Cognition is a term referring to thinking skills including acquiring and retaining knowledge, processing information, and reasoning. Cognitive function includes intellectual abilities such as perception, reasoning, and remembering. Impairment in those functions (i.e., memory, judgment, and comprehension) is referred to as cognitive impairment [9]. PWS tend to have greater cognitive impairment compared to people with bipolar disorder (PWBD) and people with depression (PWD) [10,11,12,13].

Even though SMDs share nearly similar domains of cognitive impairment, the impairment in PWS is more global compared to the impairment in PWBD and PWD. Both PWS and PWBD show impairment in the domains of attention, verbal learning, and executive function [14, 15]. Whereas, domains of processing speed, working memory, verbal and visual learning, and reasoning are impaired in PWS and PWD [14, 16]. In addition to the above domains, PWS have more prominent impairment in the domain of social cognition [14], this may be used to differentiate PWS from PWBD and PWD.

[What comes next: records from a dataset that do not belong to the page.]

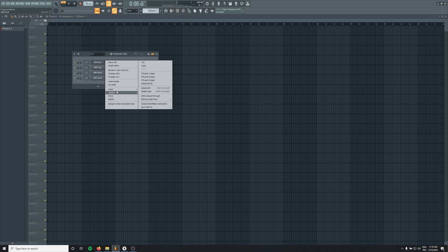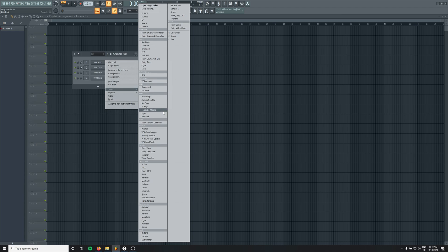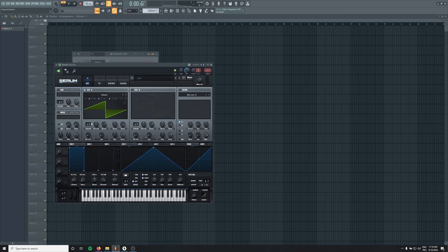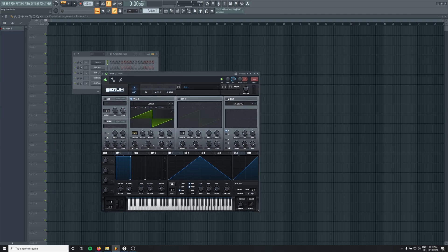But first of all, let's write some basic bass. And I'm going to build my sounds on that bass. Let's quickly create a release.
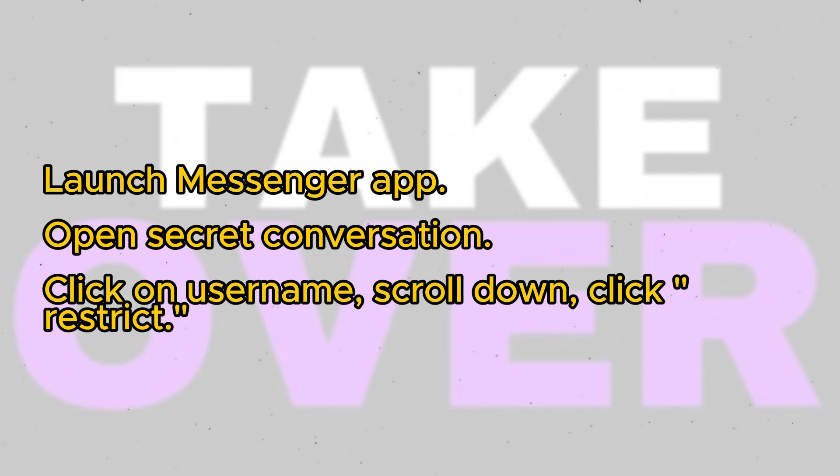So how can you remove this? The first thing you can do is head towards the secret conversation and open it. You'll see a notification indicating end-to-end encryption. To remove end-to-end encryption for this chat, click on the username of the person, scroll down, and click on the option to restrict.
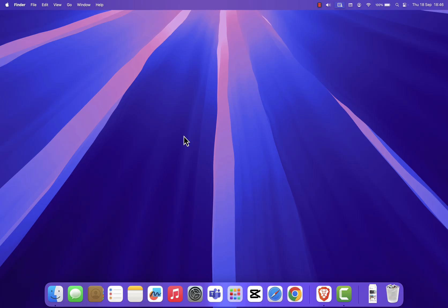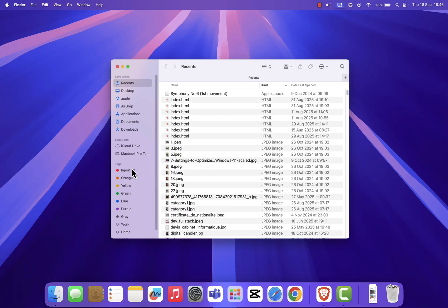First, click the finder icon in your dock. On the left-hand sidebar, under favorites, you should see a shortcut called music. If it's not there, don't worry. You can easily add it back.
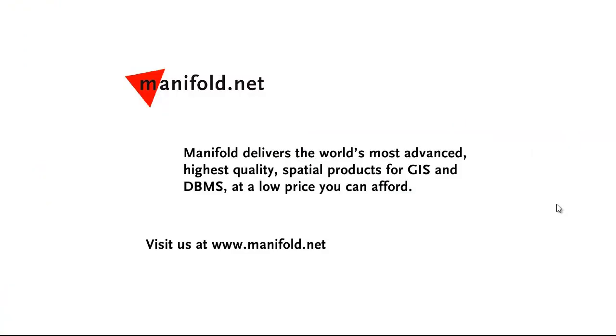Well, that was fun. If you want to see more, visit us at www.manifold.net. As always manifold delivers the world's most advanced highest quality spatial products for GIS and DBMS at a low price that you can afford. Once again, that's manifold.net. See you soon.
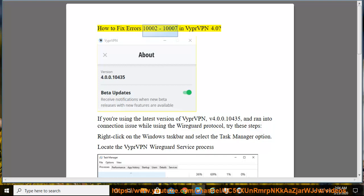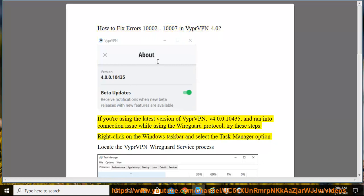How to fix errors 10,002 to 10,007 in VyprVPN 4.0. If you are using the latest version of VyprVPN, V4.0.0.10435, and ran into a connection issue while using the WireGuard protocol, try these steps.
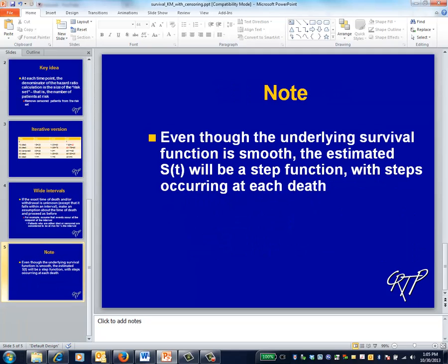Note that in real life, hazard functions seldom take the value of zero, even though the Kaplan-Meier method implicitly assumes that the value of the hazard is zero except when deaths occur. This distinction becomes less important as the size of your dataset increases, since the estimate of the hazard curve becomes smoother and smoother.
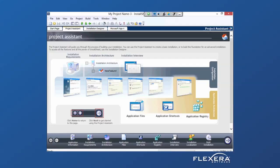With InstallShield 2013, we'll take a quick look at how we handle and improve the process for packaging and deploying complex server applications.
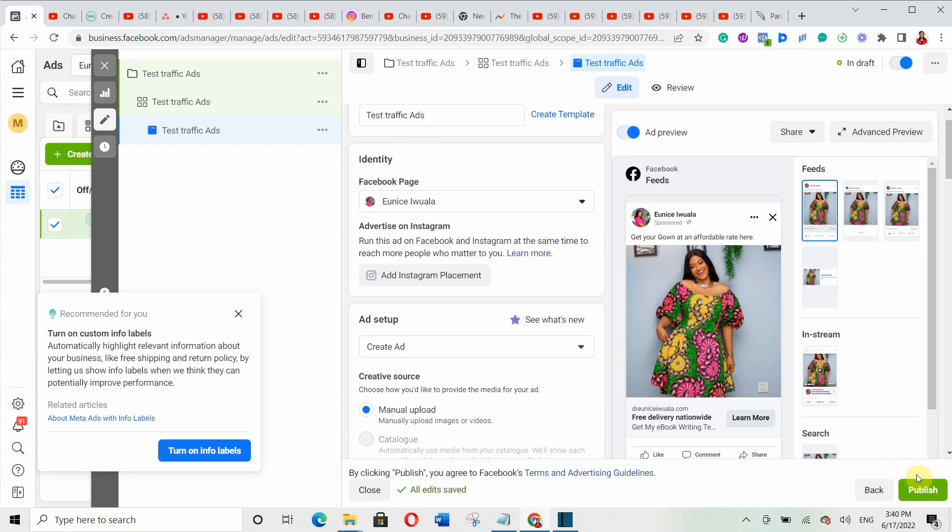The next thing is to click 'Publish.' Once you publish your ad, wait a few hours for Facebook to review it. Once they review your ad, your ad will start running. That's basically how to set up your ads and start running them.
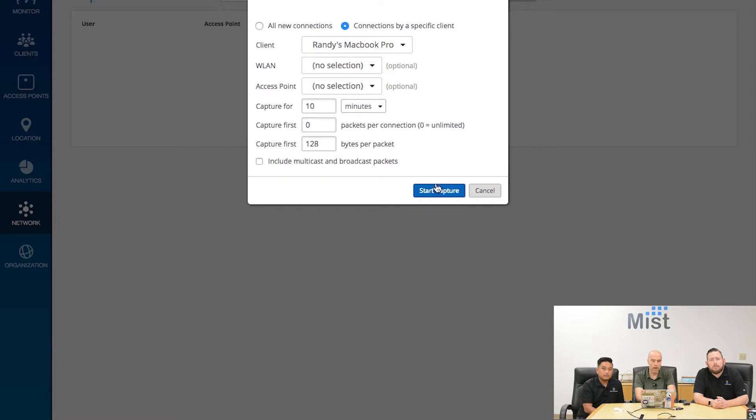Leaving those options open means you're gathering more data. Now wherever my laptop goes, anything it does on our network, we'll capture it and combine the information into one coherent picture.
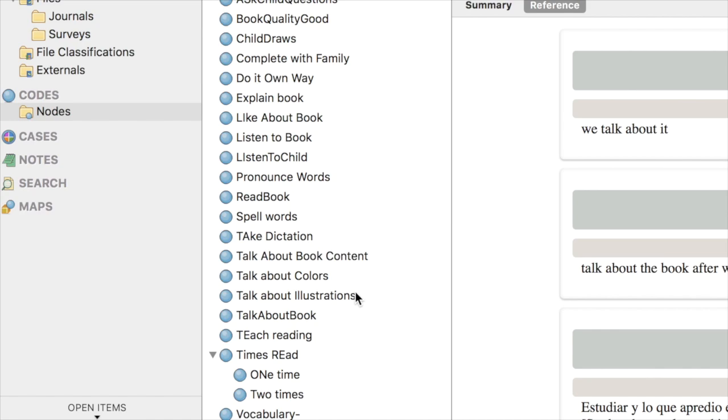Now it also turns out that sometimes you have a title for a node that you've created as you go along that you don't like or you can't find very well. I found that I have a node where the idea is that kids are doing this journal activity together with other people, and I called it Complete with Family, but I never can find that node. I don't like that title. I want to change it to Together.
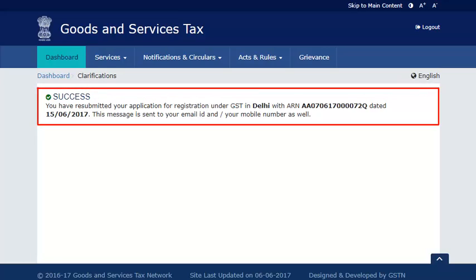Upon successfully submitting the clarification, an Acknowledgement Reference Number will be displayed as well as sent to your mobile phone number and email address. It's that simple.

Cognitive impairment in people with SMDs is associated with poor functional and clinical outcomes [17,18,19,20,21]. A recent study also showed that cognition worsens gradually if no intervention is provided [22]. Measuring cognition of people with SMDs with robust instruments is important, since measurement and assessment is the first step to intervention. For this purpose, several measures of cognition have been developed and validated in people with SMDs. Although several measures exist, most of these have been developed in Western countries and not always adapted well for use in low-income settings [23,24,25,26,27,28]. Norms for low- and middle-income countries (LMICs) also do not always exist, making the use and interpretation of these measures complex. In addition, it is not clear which measures would be better candidates for adaptation to low-income setting, since there is no previously synthesized report about the measurement properties of measures adapted in LMICs. Furthermore, most cognitive measures require literacy to respond to the items. Therefore, separate review of validation studies conducted in LMICs can show readers which measure is more appropriate for adaptation in countries with low literacy rate. Finally, multiple languages are spoken in most LMICs as a result, and a separate review of validation studies conducted in LMICs may show readers which measure is adapted across different LMICs speaking different languages.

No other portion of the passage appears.